◆ **TASK OBJECTIVE**
Find "Unisex Jersey Short-Sleeve" in the data, then restate the line it sits in and every later line word for word, ending with the last line.

◆ **DATA EXTRACTS**

%%

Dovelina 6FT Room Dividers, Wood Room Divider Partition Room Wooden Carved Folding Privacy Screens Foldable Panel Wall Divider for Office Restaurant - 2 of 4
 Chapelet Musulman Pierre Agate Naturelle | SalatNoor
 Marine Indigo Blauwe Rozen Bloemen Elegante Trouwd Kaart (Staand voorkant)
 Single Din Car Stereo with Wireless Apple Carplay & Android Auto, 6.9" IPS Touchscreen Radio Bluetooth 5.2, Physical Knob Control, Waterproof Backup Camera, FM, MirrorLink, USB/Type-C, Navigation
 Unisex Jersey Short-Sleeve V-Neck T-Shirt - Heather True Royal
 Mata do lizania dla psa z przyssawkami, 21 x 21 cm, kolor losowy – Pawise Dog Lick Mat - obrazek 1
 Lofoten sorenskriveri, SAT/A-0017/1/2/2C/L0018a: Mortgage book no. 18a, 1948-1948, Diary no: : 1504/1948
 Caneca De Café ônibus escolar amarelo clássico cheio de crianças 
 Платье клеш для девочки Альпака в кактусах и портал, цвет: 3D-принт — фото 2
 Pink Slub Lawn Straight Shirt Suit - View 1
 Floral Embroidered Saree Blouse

%%

◆ **TASK RESPONSE**
 Unisex Jersey Short-Sleeve V-Neck T-Shirt - Heather True Royal
 Mata do lizania dla psa z przyssawkami, 21 x 21 cm, kolor losowy – Pawise Dog Lick Mat - obrazek 1
 Lofoten sorenskriveri, SAT/A-0017/1/2/2C/L0018a: Mortgage book no. 18a, 1948-1948, Diary no: : 1504/1948
 Caneca De Café ônibus escolar amarelo clássico cheio de crianças 
 Платье клеш для девочки Альпака в кактусах и портал, цвет: 3D-принт — фото 2
 Pink Slub Lawn Straight Shirt Suit - View 1
 Floral Embroidered Saree Blouse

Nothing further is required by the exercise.